Oltre ai progressi medico-sanitari il calo della mortalità fu causato anche dal minor numero di carestie e di epidemie. Infatti in Europa aumentò sempre di più la produzione agricola e la superficie coltivata. Notevoli furono i progressi in campo agricolo. Iniziarono ad essere usate nuove tecnologie e nuovi macchinari; soprattutto in Inghilterra ci fu la scomparsa dei pascoli comuni, si diffuse la rotazione delle colture e la famiglia contadina fu sostituita da aziende agricole composte da lavoratori salariati.
Anche in Francia si verificò una modernizzazione agricola, anche se in maniera più lenta, dato che le famiglie contadine continuarono ad esistere e non riuscirono a favorire o sviluppo di nuove tecnologie.
L’Italia fu leggermente coinvolta da questo sviluppo.
I più forti sviluppi demografici si verificarono in Germania, Polonia, Russia, Ungheria e Transilvania, dato che ci fu un aumento della superficie coltivata, e in Russia le grandi proprietà terriere si misuravano secondo il numero di servi che vi lavoravano per un signore, e non per la loro estensione.
Molto importante fu anche la crescita del commercio internazionale, dovuta all’aumento della produzione di oro e argento nei mercati asiatici. Per esempio l’Inghilterra cominciò a riesportare tè, zucchero, tabacco e cotone avendo come centro più importante la città di Londra. Essa infatti era costituita da una city, che corrispondeva all’antica città medioevale ed era sede delle attività commerciali e portuali, mentre oltre il London Bridge si sviluppo il centro politico della città, dove vi era il palazzo del parlamento. Londra divenne così il centro più importante per il commercio e divenne la più grande metropoli europea, superando nettamente Parigi.
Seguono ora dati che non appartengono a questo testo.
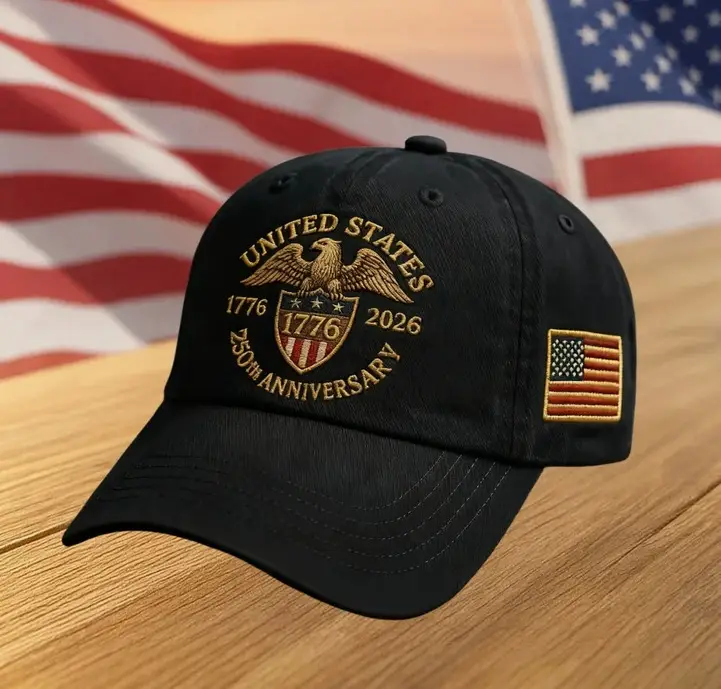 Cross-Border Veteran Eagle Cap Men White 250th Anniversary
La principale attività produttiva rimasero le manifatture tessili, e oltre alla lana si cominciarono a diffondere la seta, il lino e tessuti misti di cotone e lino chiamati fustagni e quelli di cotone. In Italia si verificò il declino dell’industria laniera di Firenze e i suoi prodotti erano inferiori a quelli del resto d’Europa. L’Olanda, centro commerciale, diventa un centro finanziario.
Continuarono a persistere le corporazioni in tuta Europa e soprattutto in Italia e Francia.

Rivoluzione dei consumi
In Europa nel Settecento ci fu una notevole diffusione di prodotti originari dell’America.
Uno di questi fu il mais che si diffuse in Spagna, Francia, nei Balcani e nella pianura padana. I grandi rendimenti del mais consentirono di accrescere la superficie destinata all’allevamento e alla risaia. Il mais divenne una specie di “pianta di classe”, infatti essa era consumata soprattutto dai contadini, che si esposero ad una nuova malattia chiamata pellagra, poiché nel mais non è presente la vitamina PP ed è povero di proteine.

Oltre al mais si diffuse anche la patata, un cibo povero per i ceti popolari, proprio come per il mais.
Essa si diffuse soprattutto in Irlanda, dopo la sua conquista da parte degli inglesi, ma nel 1845-48 dopo una serie di pessimi raccolti portò una catastrofe demografica. Molto importante fu anche il commercio di pepe e spezie e si diffuse anche l’uso dello zucchero. Ci fu anche un aumento delle importazioni di tè soprattutto in Inghilterra, e molto importante fu la diffusione del caffè soprattutto a Parigi, dove nacquero i veri e propri cafè. Inoltre cominciò ad essere degustata anche la cioccolata nei saloni aristocratici.
Accanto al caffè ci fu la diffusione rapidissima del tabacco, si diffusero nuovi metodi di distillazione e nacque un nuovo problema, ancora oggi presente, cioè l’alcolismo.
Il cotone divenne uno dei tessuti più usati, dato che era facilmente lavabile e contribuì al miglioramento delle condizioni igieniche.